Artist(s): HUBERT ROBERT (1733-1808)
Medium: Oil on canvas
Signed: With traces of a signature on the base of the column lower right: R**ERT
Dimensions: 64.00cm wide   64.30cm high (25.20 inches wide  25.31 inches high)
Provenance:

probably The Marquise de Broc; probably the Comtesse de Lantivy; Anon. sale (Madame X), Paris, Galerie Georges Petit (Maitre Henri Baudoin), 6-7 December 1926, lot 120 illustrated); Georges Wildenstein & Co.; Leonard Koetser, London; with Colnaghi, London, from whom purchased by a private collector in 2000.

Exhibition History:

probably Los Angeles, County Museum of Art, Five Centuries of European Painting, 1933, no. 35.

Description:

This beautifully painted classical landscape was probably painted by Hubert Robert in the late 1770s, drawing upon the artist’s earlier experiences of Italy, which he had visited as a young man. The prominent temple on the right of the composition with its Corinthian columns is undoubtedly inspired by the famous Temple of the Sibyl at Tivoli outside Rome, although Robert has taken considerable liberties with the surrounding landscape, which is much gentler and more low-lying than the rugged environs of Tivoli. Robert visited Tivoli during the summer of 1760, which he spent with Fragonard and the Abbé de Saint-Non in a villa rented by his patron. There he made numerous drawings of the site, a good example of which is today in Valence, Musée des Beaux-Arts. Tivoli remained one of his favourite motifs and was incorporated into many of Robert's paintings after his return to Paris in 1765. The most spectacular of these is probably the enormous canvas of 1779 now in the Château de Maisons-Lafitte in France. Many of Robert's reminiscences of Tivoli and other classical sites incorporated figures of artists sketching, although rarely in the fancy costumes shown here. The two artists are dressed in seventeenth-century costume with slashed sleeves and this may reflect the contemporary taste for exotic 'Spanish' dress advocated by Robert's patron Madame Geoffrin . Similarly Robert's works in this vein often contain humorous or pointed references to the decay and abandoned fate of many classical ruins, and here the temple itself is clearly used as a byre, from which the cattle are shown leaving for pasture.
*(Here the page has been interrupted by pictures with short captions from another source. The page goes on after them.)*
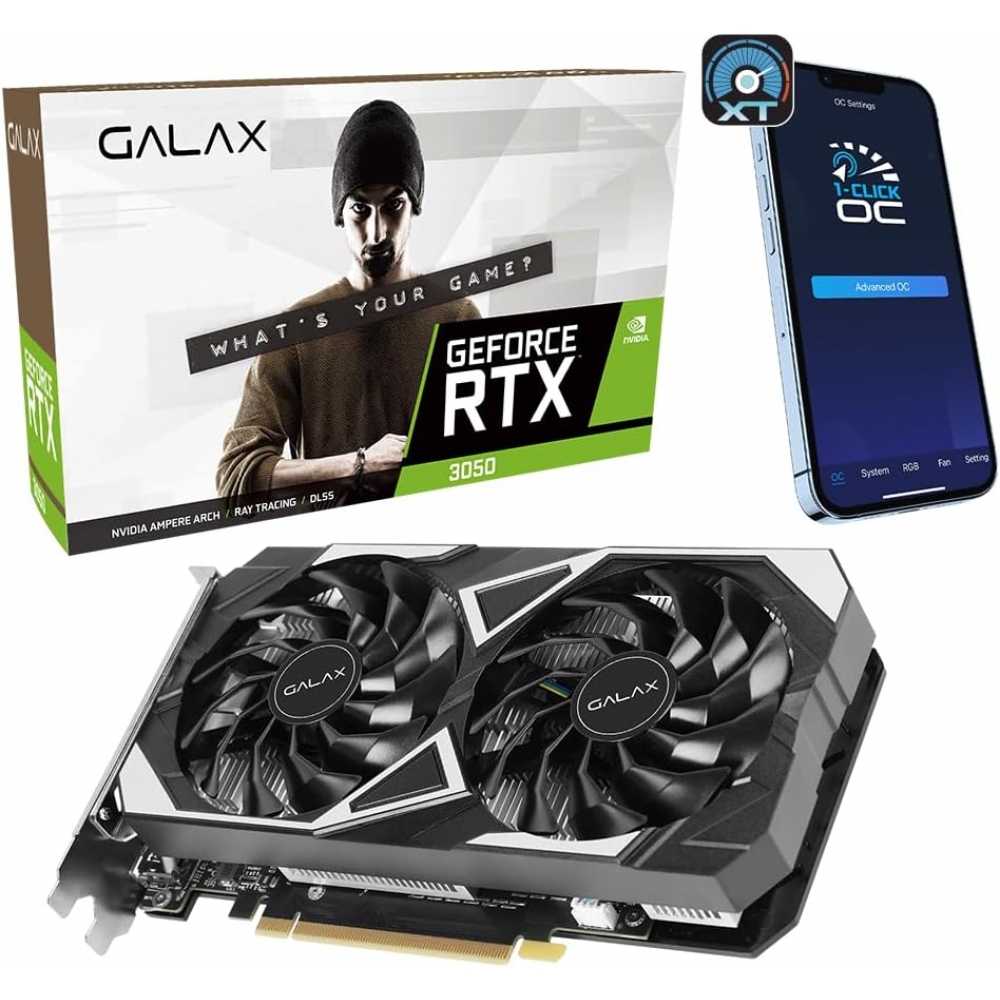 Placa de vídeo RTX 3050 6GB Galax EX GDDR6 96 BITS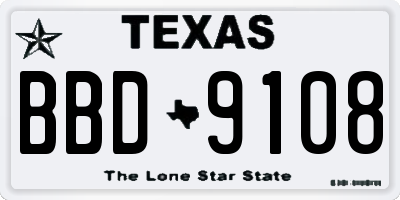 TX license plate BBD9108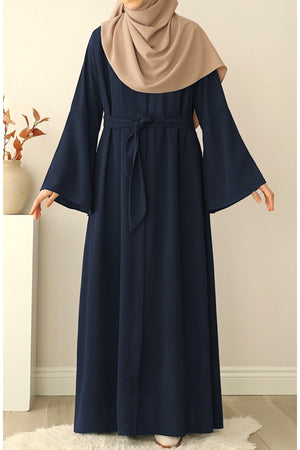 Navy Crepe Abaya with Stand Collar, Batwing Sleeves, and Belt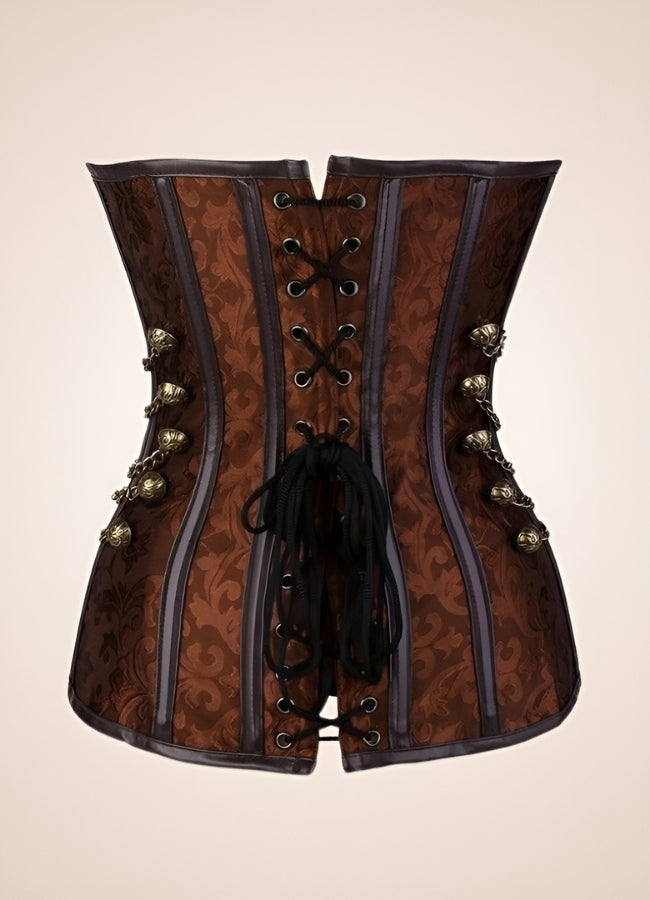 Paisley Pattern Steampunk Corset Brown / XL paisley-pattern-steampunk-corset-brown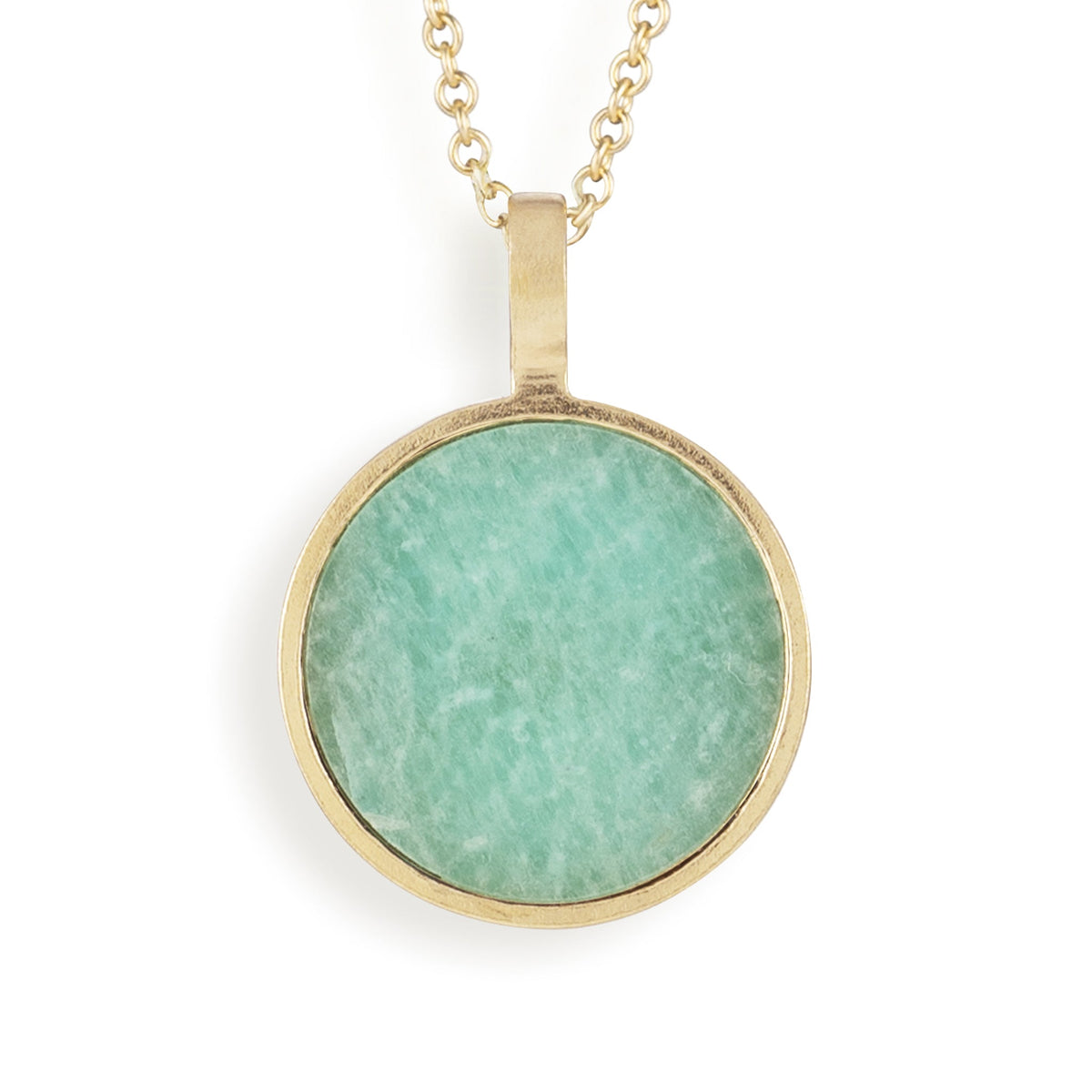 Gold Porthole Necklace • Amazonite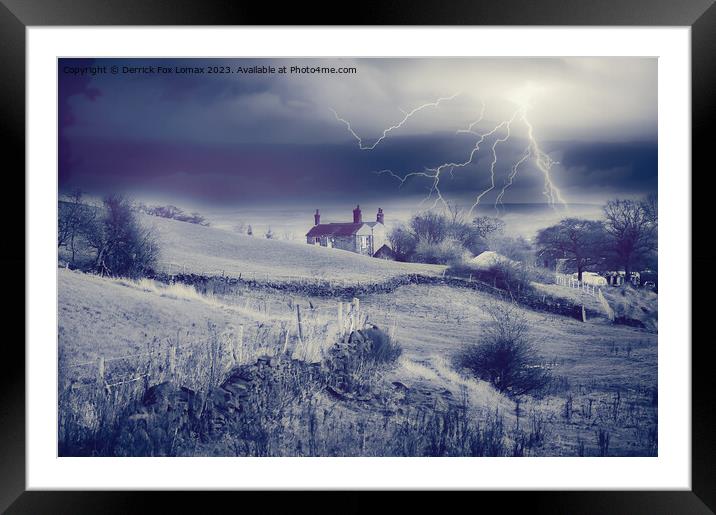 Lightning storm over birtle Framed Mounted Print by Derrick Fox Lomax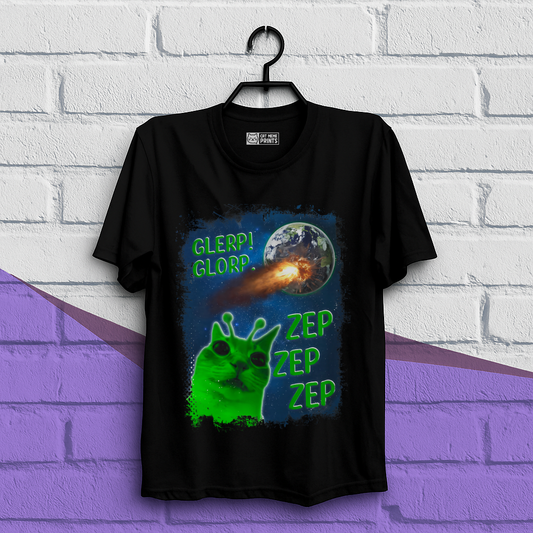 Glerp Glorp Zep Alien Cat T-Shirt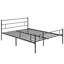 Structure de lit double, structure de lit en métal robuste avec tête et pied de lit, espace de rangement avec lit plateforme-172839186-156270985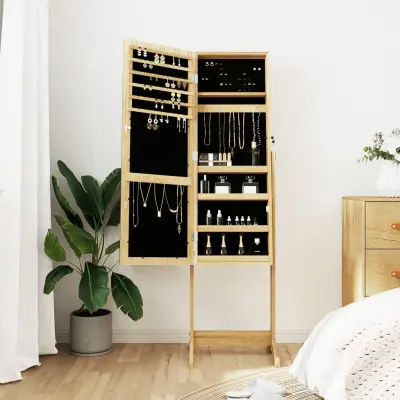 The Living Store Omarica za nakit z ogledalom prostostoječa 42x38x152 cm - Omarica Za Nakit Z Ogledalom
This was not entirely fanciful, for as Robert's own drawings clearly show, the spaces below the Temple of the Sibyl itself were also used as a hay barn and the Colisseum itself was used as a pasture for grazing cattle (the Campo Vacino) until the early nineteenth century.

Although a chronology for Robert's works is notoriously difficult to establish, a capriccio of 1779 of similar design and likewise including the Temple of the Sibyl is in the Louvre . This painting, which is similar in the overall lines of the composition, shows a group of young women to the left in front of a statue of abundance, while below the temple itself is a figure fishing from a stream. The fact the the young woman leaning over a rustic parapet is found in bust form in a watercolour of the Villa Pamphilj with Roman Ruins (Cleveland Museum of Art, 1774) lends further support to this dating and the same figure recurrs in The Wandering Minstrels of 1779, one of a series of six large canvasses commssioned by the comte d’Arthois for Bagatelle, now in the Metroplotian Museum, New York. The old shepherd with the wide-brimmed, upward turning hat and envelopingg cloak appears in a younger guise in a black chalk drawing of 1767-1775 in the Musee des Beaux Arts, Valence.. . Furthermore the treatment of the umbrella pinis identical with that of the same tree in Ruins with Water, one of a series of four large canvasses exhibited at the Salon of 1779 and later in the Youssoupov collection. These correspondances suggest that this charming picture was probably executed by Robert in the late 1770s.